Who on Earth would want to come to this place in the middle of nowhere and burn everything? The question echoed in my mind when I first arrived on the tiny island of Kesui, a part of the Indonesian archipelago. The population of some 5,000 Kesui had been torn apart by strife. At the time, JRS had been approached by a group of Kesui requesting assistance to bring their relatives home after they had been displaced.
A rather unusual request because those making it had actually been the foes of the displaced during the conflict; a request that would become the milestone for a unique reconciliation process.
It was only after months and years of travel from island to island, of being with the displaced and those who had stayed home, that we realised how complex and multi-layered the conflict was. It was often portrayed as sectarian – those who fled were Christians, those who stayed were Muslims – but the reality was more nuanced. The conflict was also about the economy, wealth and greed. We discovered that the opportunities for the displaced to return home lay in the hands of a few individuals in both groups.

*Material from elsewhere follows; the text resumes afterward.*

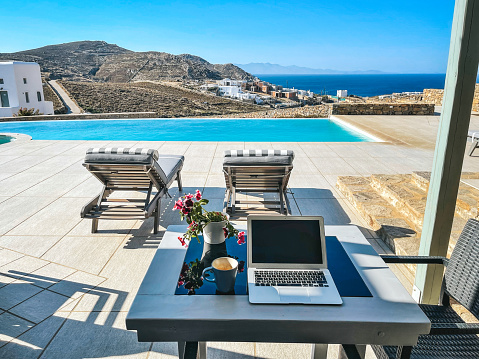Laptop on terrace with nice sea view, Elia, Mykonos island, Cyclades, Greece. Property released.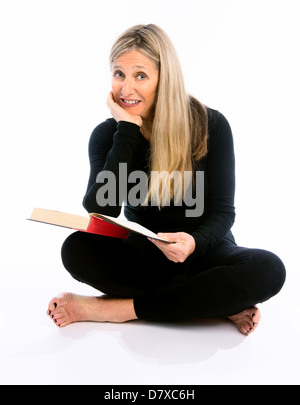 Ältere Frau lächelt bei Buch Stockfoto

We had to start from the beginning with those we were to serve, but also as a team and with ourselves. We were dealing with people for whom professional terms and theory was meaningless.
As we were going to act as mediators, how these people perceived us and felt about us was crucially important. We felt that if we were to gain the trust of both groups we could only be ourselves throughout the entire process.
I felt strongly that the path towards reconciliation was for these two groups to sit and talk and share their feelings of loss and pain. Honest discussion from the heart that makes us human and connects us could bring them together.
It was a process of trial and error. We were continually reflecting on our work and within ourselves. Amid doubt and uncertainty during the process of reconciliation, I learned how precious truth, humility, patience and sweetness were. How they helped to renew relationships and served as a bridge for people to return upon.
The experience was like a process of going home to myself. I finally learned that home means getting in touch with myself, connecting with and acknowledging what I have received from above, and sharing that feeling of home with those whom we accompany, serve and defend.